**Your assignment**
Output all of the records exactly, word for word.

[Data entries]
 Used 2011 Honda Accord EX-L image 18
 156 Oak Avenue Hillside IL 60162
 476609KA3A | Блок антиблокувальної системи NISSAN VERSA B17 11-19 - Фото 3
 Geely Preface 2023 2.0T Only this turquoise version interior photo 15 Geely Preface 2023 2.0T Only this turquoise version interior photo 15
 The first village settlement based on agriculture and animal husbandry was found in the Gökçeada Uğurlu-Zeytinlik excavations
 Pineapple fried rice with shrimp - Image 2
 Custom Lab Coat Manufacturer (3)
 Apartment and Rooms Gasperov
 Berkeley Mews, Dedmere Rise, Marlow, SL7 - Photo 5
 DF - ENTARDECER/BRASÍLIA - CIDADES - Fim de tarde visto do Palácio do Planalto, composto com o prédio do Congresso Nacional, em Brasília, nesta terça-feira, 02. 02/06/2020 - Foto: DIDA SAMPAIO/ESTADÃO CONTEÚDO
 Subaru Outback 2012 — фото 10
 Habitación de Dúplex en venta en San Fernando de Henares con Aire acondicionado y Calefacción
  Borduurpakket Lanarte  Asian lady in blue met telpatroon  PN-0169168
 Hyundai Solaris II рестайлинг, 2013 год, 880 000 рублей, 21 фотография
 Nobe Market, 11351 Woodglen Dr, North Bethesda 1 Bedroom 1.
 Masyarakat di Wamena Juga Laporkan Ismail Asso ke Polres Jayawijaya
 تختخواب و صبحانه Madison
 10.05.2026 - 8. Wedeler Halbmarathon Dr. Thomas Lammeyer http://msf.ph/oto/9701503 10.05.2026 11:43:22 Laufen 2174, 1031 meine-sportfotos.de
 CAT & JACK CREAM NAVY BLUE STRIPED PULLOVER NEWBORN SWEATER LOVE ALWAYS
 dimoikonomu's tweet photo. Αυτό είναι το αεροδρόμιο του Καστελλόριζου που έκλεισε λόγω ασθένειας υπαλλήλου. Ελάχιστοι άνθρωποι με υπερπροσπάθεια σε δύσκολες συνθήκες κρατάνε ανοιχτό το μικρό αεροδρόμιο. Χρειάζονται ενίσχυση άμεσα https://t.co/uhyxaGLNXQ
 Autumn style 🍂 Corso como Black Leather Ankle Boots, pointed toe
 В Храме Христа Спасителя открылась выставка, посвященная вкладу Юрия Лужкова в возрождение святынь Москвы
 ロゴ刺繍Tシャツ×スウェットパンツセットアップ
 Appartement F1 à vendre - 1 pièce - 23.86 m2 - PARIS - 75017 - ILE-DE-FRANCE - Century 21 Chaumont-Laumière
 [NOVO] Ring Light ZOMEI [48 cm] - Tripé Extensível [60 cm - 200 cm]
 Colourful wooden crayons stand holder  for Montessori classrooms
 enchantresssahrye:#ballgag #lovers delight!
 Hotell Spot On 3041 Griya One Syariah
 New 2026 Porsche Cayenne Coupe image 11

**Response box**
 Used 2011 Honda Accord EX-L image 18
 156 Oak Avenue Hillside IL 60162
 476609KA3A | Блок антиблокувальної системи NISSAN VERSA B17 11-19 - Фото 3
 Geely Preface 2023 2.0T Only this turquoise version interior photo 15 Geely Preface 2023 2.0T Only this turquoise version interior photo 15
 The first village settlement based on agriculture and animal husbandry was found in the Gökçeada Uğurlu-Zeytinlik excavations
 Pineapple fried rice with shrimp - Image 2
 Custom Lab Coat Manufacturer (3)
 Apartment and Rooms Gasperov
 Berkeley Mews, Dedmere Rise, Marlow, SL7 - Photo 5
 DF - ENTARDECER/BRASÍLIA - CIDADES - Fim de tarde visto do Palácio do Planalto, composto com o prédio do Congresso Nacional, em Brasília, nesta terça-feira, 02. 02/06/2020 - Foto: DIDA SAMPAIO/ESTADÃO CONTEÚDO
 Subaru Outback 2012 — фото 10
 Habitación de Dúplex en venta en San Fernando de Henares con Aire acondicionado y Calefacción
  Borduurpakket Lanarte  Asian lady in blue met telpatroon  PN-0169168
 Hyundai Solaris II рестайлинг, 2013 год, 880 000 рублей, 21 фотография
 Nobe Market, 11351 Woodglen Dr, North Bethesda 1 Bedroom 1.
 Masyarakat di Wamena Juga Laporkan Ismail Asso ke Polres Jayawijaya
 تختخواب و صبحانه Madison
 10.05.2026 - 8. Wedeler Halbmarathon Dr. Thomas Lammeyer http://msf.ph/oto/9701503 10.05.2026 11:43:22 Laufen 2174, 1031 meine-sportfotos.de
 CAT & JACK CREAM NAVY BLUE STRIPED PULLOVER NEWBORN SWEATER LOVE ALWAYS
 dimoikonomu's tweet photo. Αυτό είναι το αεροδρόμιο του Καστελλόριζου που έκλεισε λόγω ασθένειας υπαλλήλου. Ελάχιστοι άνθρωποι με υπερπροσπάθεια σε δύσκολες συνθήκες κρατάνε ανοιχτό το μικρό αεροδρόμιο. Χρειάζονται ενίσχυση άμεσα https://t.co/uhyxaGLNXQ
 Autumn style 🍂 Corso como Black Leather Ankle Boots, pointed toe
 В Храме Христа Спасителя открылась выставка, посвященная вкладу Юрия Лужкова в возрождение святынь Москвы
 ロゴ刺繍Tシャツ×スウェットパンツセットアップ
 Appartement F1 à vendre - 1 pièce - 23.86 m2 - PARIS - 75017 - ILE-DE-FRANCE - Century 21 Chaumont-Laumière
 [NOVO] Ring Light ZOMEI [48 cm] - Tripé Extensível [60 cm - 200 cm]
 Colourful wooden crayons stand holder  for Montessori classrooms
 enchantresssahrye:#ballgag #lovers delight!
 Hotell Spot On 3041 Griya One Syariah
 New 2026 Porsche Cayenne Coupe image 11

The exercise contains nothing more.